Celia supo en seguida a qué se refería. Su cargo de vicepresidente no había sido confirmado oficialmente todavía. Y si lo que estaba sucediendo en aquella reunión proseguía su cauce lógico, seguramente no sería confirmado jamás.
Sam tenía razón. Se la estaba jugando en serio.
Se tomó unos instantes más de tiempo para reflexionar, luego dijo con voz baja y firme:
—Lo siento, Sam; lo he meditado bien. Sé lo que me juego. Pero no tengo más remedio que recomendar el aplazamiento de la Montayne.
¡Ya estaba! La cara de Sam se nubló, luego se contrajo de cólera y ella comprendió que ya no podía retractarse.
—De acuerdo —contestó él con tirantez—. Por lo menos sabemos a qué atenernos. —Se calló unos segundos y luego prosiguió diciendo—: Antes he dicho que no votaríamos ninguna resolución. Me retracto: quiero que quede constancia de todo lo que decidamos en esta reunión. Seth, le ruego que tome nota por escrito.
Feingold, todavía con rostro compungido, sacó de nuevo la pluma.
—Yo ya he expuesto lo que pienso del asunto —reanudó Sam—. Estoy a favor de continuar los preparativos de la campaña y lanzamiento de Montayne tal como habíamos planeado. Ahora me hace falta saber quién está de acuerdo conmigo y quién no. Los que estén de acuerdo conmigo, que levanten la mano.
La mano de Vincent Lord fue la primera. Luego siguieron las del doctor Starburt, Hammond y la de los otros dos vicepresidentes. Nicholson acabó levantándola, después de dudar unos instantes. Bill Ingram también dudó; miró a Celia silenciosamente, suplicante. Pero Celia desvió los ojos, se negó a ayudarle; tenía que decidir él por su cuenta. Al cabo de un instante, también alzó la mano.
Sam y los otros miraban a Seth Feingold. El viejo suspiró, dejó la pluma sobre la mesa y levantó la mano.
—Nueve contra uno —indicó Sam—. No cabe duda de que la empresa continuará tal como hasta ahora con los preparativos del lanzamiento de la Montayne.
Volvió a producirse un tenso silencio como si nadie supiera qué decir o añadir. Sam se puso en pie.
—Como ya saben —comenzó—, antes de la reunión yo me disponía a ir al hospital para ver al nieto que mi hija acaba de dar a luz. Me voy ahora.
Lo dijo sin la alegría de hacía un rato. Sam saludó con una inclinación de cabeza a los otros hombres y a Celia la pasó por alto.
Celia permaneció sentada. Bill Ingram se le acercó.

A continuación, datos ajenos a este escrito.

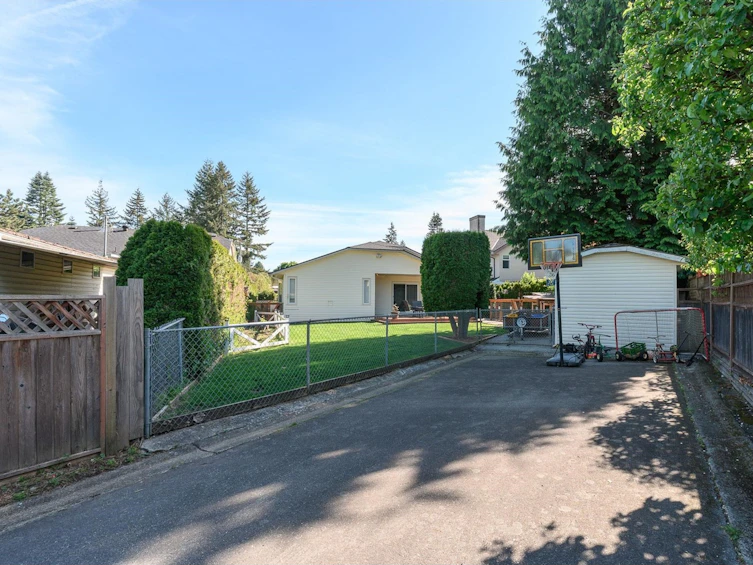 15729 20, Surrey, BC, V4A 2A7 - 40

—Lo siento… —empezó a decir.
Ella le mandó callar con un gesto:
—No me importa. No quiero saber nada.
De pronto, inesperadamente cayó en la cuenta de que todo lo que con tanto esfuerzo había conseguido labrarse para ella, se derrumbaba, se iba abajo: su puesto en la empresa, su autoridad, su reputación, su futuro. ¿Podía seguir allí? No lo sabía.
Bill le dijo:
—Perdone la pregunta, pero… ¿qué va a hacer ahora? —Al ver que ella no contestaba, prosiguió—: Una vez expuestos sus reparos, declarando que no deberíamos seguir con los preparativos de la Montayne… ¡No puede seguir a la cabeza de la campaña de ventas!
Celia contestó con voz apagada, decidida a no tomar ninguna decisión de momento.
—No sé. No sé nada.
Sabía, sin embargo, que aquella noche tendría que aclararse. Seth Feingold le dijo:
—No me ha gustado nada votar contra ti, Celia.
Pero ya sabes…, yo no entiendo nada de estas cosas de la ciencia. Ella le miró fijamente.
—En tal caso lo correcto hubiera sido abstenerse. Él sacudió la cabeza con pena y se marchó.
Todos se marcharon y Celia quedó a solas.